Portal | Level: L2: Operations | Topics: Argo Workflows | Domain: Kubernetes
Argo Workflows — Primer¶
Why This Matters¶
Kubernetes CronJobs are fine for simple periodic tasks. But when you need to run a sequence of steps, fan out to parallel jobs, pass data between steps, retry specific failures, or build a machine learning pipeline, CronJobs fall apart. You're left stitching together Jobs with shell scripts and hoping the intermediate state doesn't get lost.
Who made it: Argo Workflows was created at Applatix (later acquired by Intuit) in 2017. It became a CNCF incubating project in 2020 and graduated in 2022. The name "Argo" references the ship from Greek mythology that carried Jason and the Argonauts — fitting for a tool that orchestrates journeys through complex pipelines.
Argo Workflows is a Kubernetes-native workflow engine that turns DAGs and pipelines into first-class Kubernetes resources. Every step runs as a Pod. Progress is visible in a UI. Artifacts flow between steps via S3 or GCS. Failures are retried with backoff. The entire workflow is auditable in etcd.
For platform engineers, Argo Workflows replaces Jenkins pipelines, Airflow DAGs, and ad-hoc shell scripts for batch compute, ML training pipelines, data processing, and CI/CD tasks that don't fit neatly into a linear pipeline. Understanding it means you can design workflows that are parallelizable, resumable, and observable.
Core Concepts¶
1. Installation¶
kubectl create namespace argo
kubectl apply -n argo -f https://github.com/argoproj/argo-workflows/releases/latest/download/install.yaml
# Wait for rollout
kubectl -n argo rollout status deploy/workflow-controller
kubectl -n argo rollout status deploy/argo-server
# Install CLI
curl -sLO https://github.com/argoproj/argo-workflows/releases/latest/download/argo-linux-amd64.gz
gunzip argo-linux-amd64.gz && chmod +x argo-linux-amd64
mv argo-linux-amd64 /usr/local/bin/argo
# Port-forward UI
kubectl -n argo port-forward svc/argo-server 2746:2746
# Open: https://localhost:2746
2. The Workflow Resource¶
A Workflow is a single run of a pipeline. It contains an entrypoint (the first template to run) and a set of templates (reusable step definitions).

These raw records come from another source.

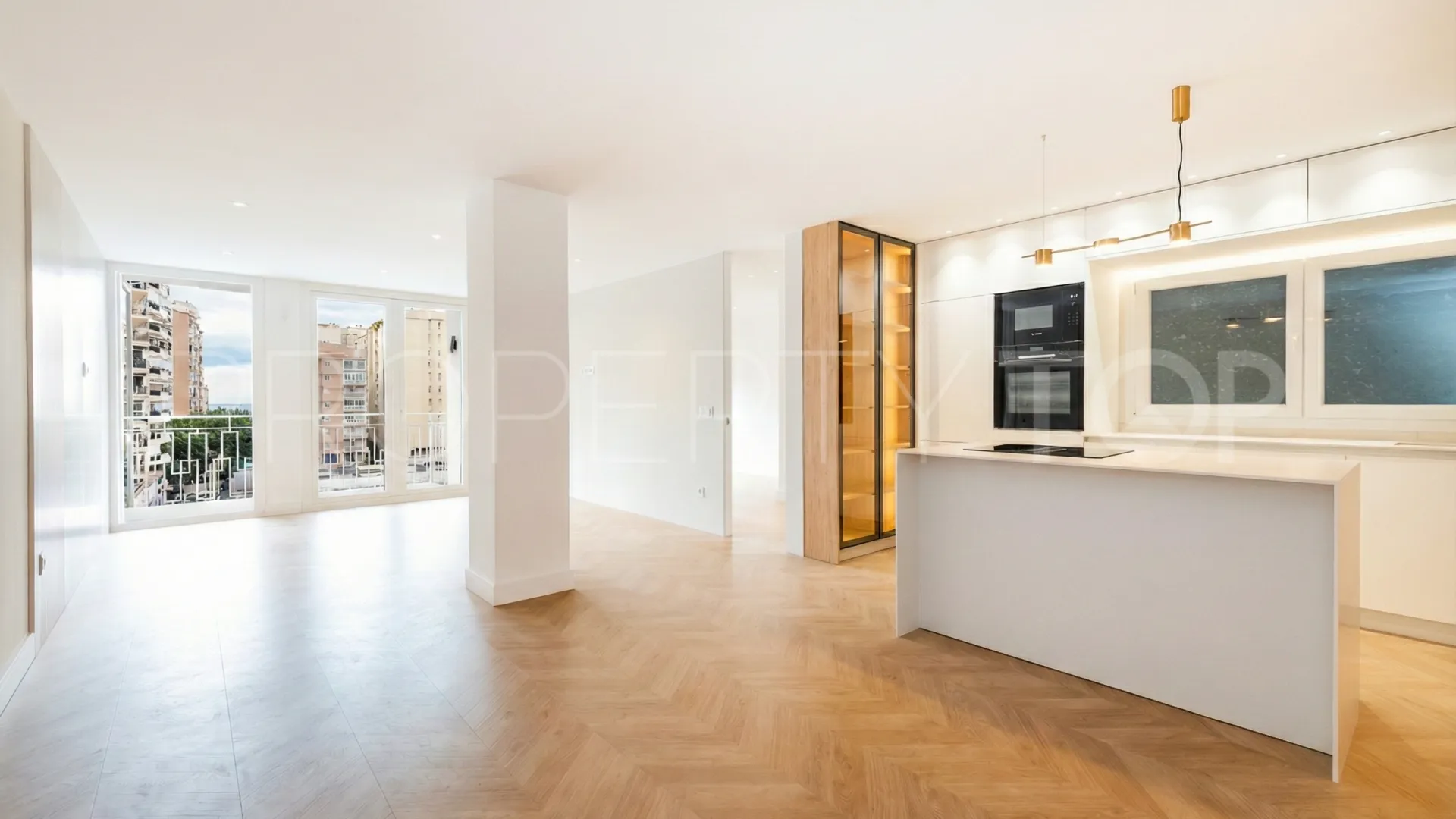 Malaga, apartamento en venta con 3 dormitorios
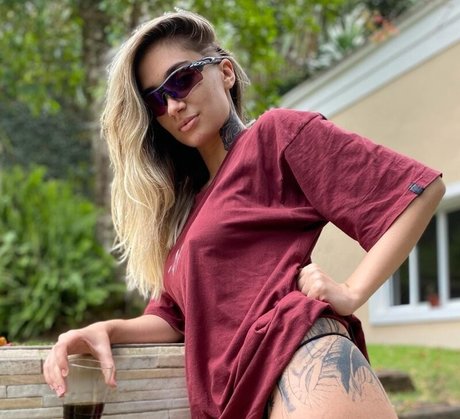 Jade Sampaio ヌードモデル 画像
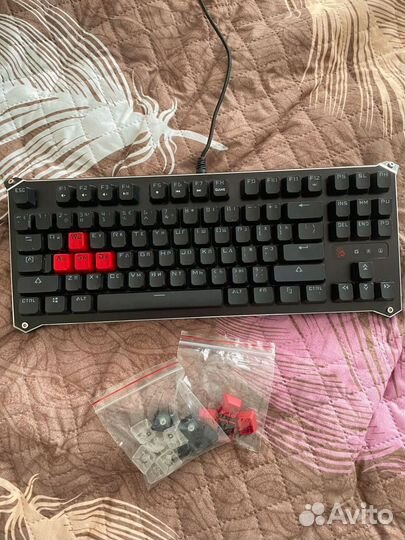Bloody b930 клавиатура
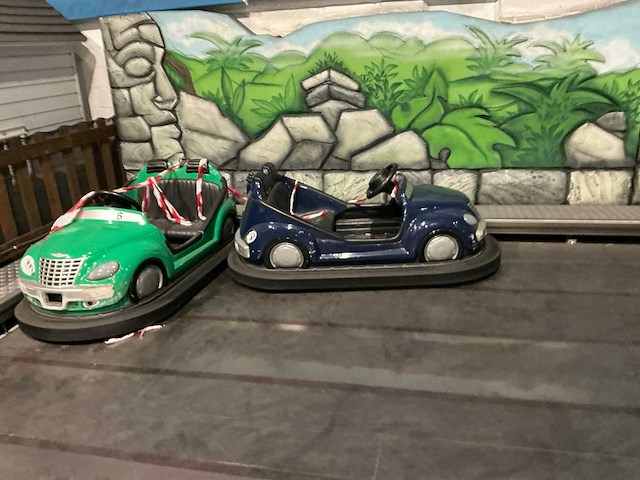 Botsauto platform met 5 botsauto’s - afbeelding 11 van  13
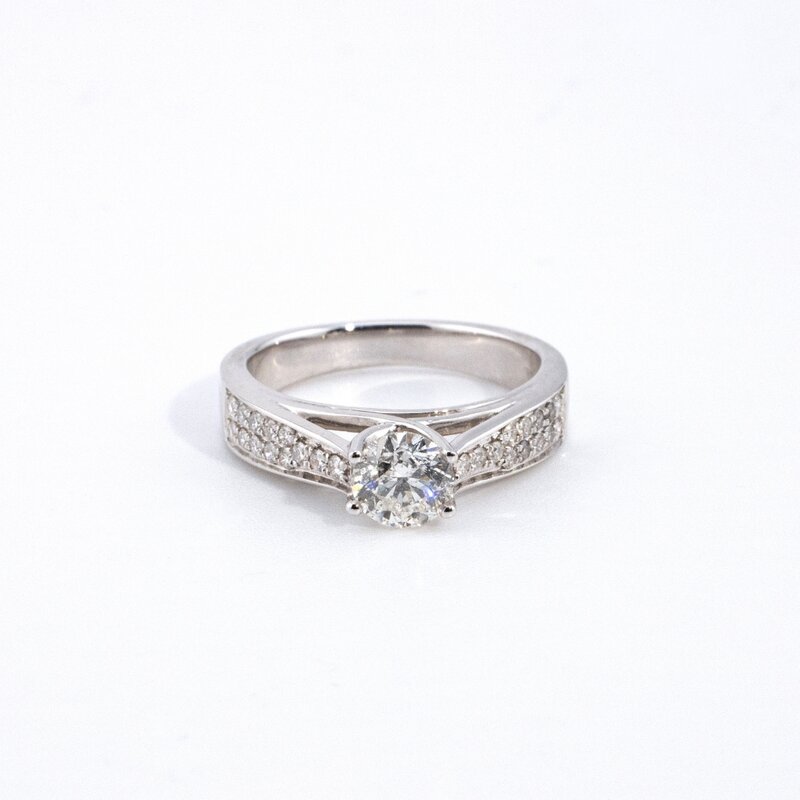 Anillo de Oro 14K con Diamante Central y Pavé de Diamantes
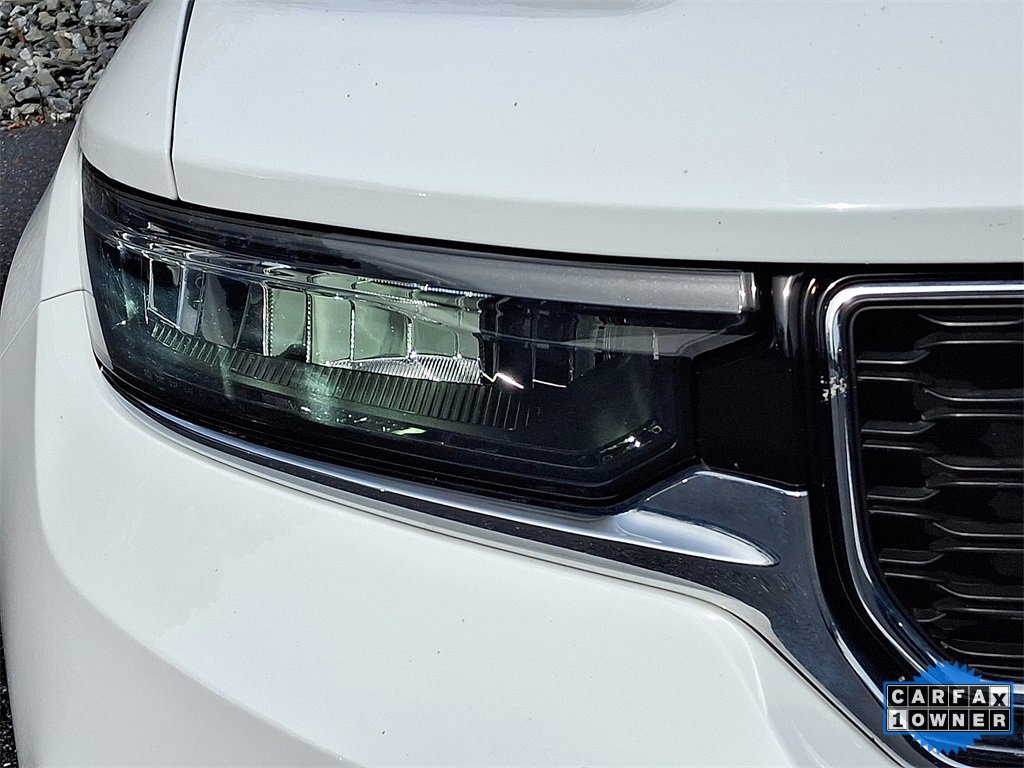 Used 2022 Jeep Grand Cherokee Limited image 11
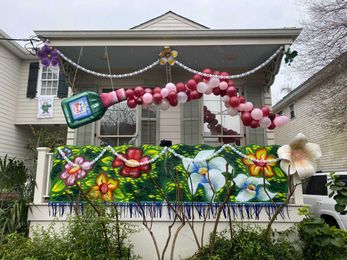 Be bubbly with this Uptown house float that really pops!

apiVersion: argoproj.io/v1alpha1
kind: Workflow
metadata:
generateName: hello-world-
namespace: argo
spec:
entrypoint: greet
templates:
- name: greet
container:
image: alpine:3.18
command: [echo]
args: ["Hello, Argo Workflows!"]
resources:
requests:
memory: 64Mi
cpu: 100m
argo submit workflow.yaml -n argo --watch
argo list -n argo
argo get @latest -n argo
argo logs @latest -n argo
3. Template Types¶
Container Template¶
Runs a single container (most common):
- name: build-image
container:
image: docker:24-dind
command: [docker, build]
args: ["-t", "myapp:{{workflow.parameters.tag}}", "."]
volumeMounts:
- name: docker-sock
mountPath: /var/run/docker.sock
Script Template¶
Inline script (avoids building a custom image for simple logic):
- name: generate-report
script:
image: python:3.11-slim
command: [python]
source: |
import json, datetime
report = {
"timestamp": datetime.datetime.now(datetime.UTC).isoformat(),
"status": "ok",
"records_processed": 42
}
print(json.dumps(report))
Resource Template¶
Create, patch, or delete Kubernetes resources:
- name: create-configmap
resource:
action: create
manifest: |
apiVersion: v1
kind: ConfigMap
metadata:
name: pipeline-output
namespace: argo
data:
result: "{{inputs.parameters.result}}"
- name: wait-for-job
resource:
action: get
successCondition: status.succeeded > 0
failureCondition: status.failed > 3
manifest: |
apiVersion: batch/v1
kind: Job
metadata:
name: external-job
namespace: argo
Suspend Template¶
Pause the workflow until manually resumed:
- name: wait-for-approval
suspend:
duration: "1h" # auto-resume after 1h if not manually resumed earlier
# Resume a suspended workflow
argo resume my-workflow-xxxxx -n argo
# Or resume a specific node
argo resume my-workflow-xxxxx -n argo --node-field-selector=displayName=wait-for-approval
4. Steps vs DAG¶
Steps define a linear sequence with optional parallelism at each step level:
- name: pipeline
steps:
- - name: fetch-data # Step 1: sequential
template: fetch
- - name: transform-a # Step 2: parallel (same dash level)
template: transform
arguments:
parameters:
- name: shard
value: "a"
- name: transform-b
template: transform
arguments:
parameters:
- name: shard
value: "b"
- - name: load # Step 3: after both transforms complete
template: load
DAG defines tasks with explicit dependencies — more flexible for complex graphs:
- name: ml-pipeline
dag:
tasks:
- name: preprocess
template: preprocess-data
- name: train-model
dependencies: [preprocess]
template: train
- name: evaluate
dependencies: [train-model]
template: evaluate
- name: deploy-if-good
dependencies: [evaluate]
template: deploy
when: "{{tasks.evaluate.outputs.parameters.accuracy}} >= 0.95"
- name: notify-failure
dependencies: [evaluate]
template: notify
when: "{{tasks.evaluate.outputs.parameters.accuracy}} < 0.95"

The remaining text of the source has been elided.